At ISRI’s recent Convention & Exposition in New Orleans, ISRI was honored to have Michael Burz, president of EnZinc, a green battery startup, discuss advanced automotive batteries, from origin to their implications for recycling.
The rapid rise of devices such as smart phones and electric cars would not have been possible without the introduction of the lithium-ion (Li-ion) battery. A wonder of electrochemistry, Li-ion batteries have more than five to eight times the energy of a lead-acid battery. That amount of energy available in a small package has enabled smart phones to act as both a phone and portable computer. It changed the perception of electric cars from glorified golf carts to desirable high performance automobiles.
An electric vehicle uses a battery system made up of several levels of components. The most basic is the electrochemical cell. Dozens to hundreds of cells are grouped into modules. Several modules are grouped into a battery. All of that energy, potentially thousands of cells, must be managed, controlled, and protected by a battery management system, a cooling system, and armor. These are added to the battery and installed as a battery pack.
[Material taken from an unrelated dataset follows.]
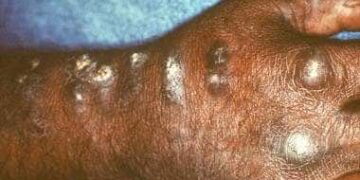WHO recommends ‘mpox’ as new name for monkeypox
The battery management system (BMS) is basically a computer that manages the electricity going in and coming out of the battery. It ensures that cells are not overcharged and that right amount of energy is sent to the electric motor and to the auxiliaries like the entertainment system and air conditioning. It also monitors each module to ensure that a cell is responding properly and has not gone rogue, which could portend overheating and an explosion. The BMS can isolate that module and report on it to the car manufacturer.
The Li-ion battery needs a cooling system to keep the cells from going rogue. Just as a laptop gets warm after an hour or so of use, an electric car battery undergoes the same warming except on a much-larger scale. Moving and accelerating a car draws a lot of current from a high-energy battery, which means the battery can get hot. The cooling systems can either use air or, typically, a liquid glycol based system.
The armor is part of the battery pack installation. It is essentially a steel plate that covers the bottom of the car where the battery is typically installed. It protects the battery from objects on the road or during an accident that could penetrate the battery structure and damage the cells. Damaged cells could go rogue.
The technical term for going rogue is “thermal runaway.” When this happens, the cell has shorted and releases a large amount of energy and therefore heat relatively quickly. A rogue cell can cause the electrolyte and cooling fluid to catch fire and set off neighboring cells. The resulting fire is quite hot and can melt aluminum.
Therefore recyclers who come across an electric vehicle should be aware of and consider the following potential concerns. The first is the battery is very heavy. Depending on the kilowatt-hour size of the battery (the more kWh the more range) the weight could be anywhere from 700 to 1,300 pounds. The second is the electric vehicle manufacturers have different approaches as to what to do with the battery. A Li-ion battery needs to be reprocessed (not recycled) by a specialist firm, so check with the manufacturer or local dealer as to what to do with it. Each manufacturer has a manual, typically found on their web site, of instructions to first responders. This would be a good place to start. A qualified electrician needs to help with removing the battery from the vehicle. And finally, an electric vehicle must not be crushed or shredded with the battery pack installed. A battery pack going rogue can severely damage or destroy equipment and harm employees.
So be safe—respect the energy within the battery pack, and check with the manufacturer before disassembly.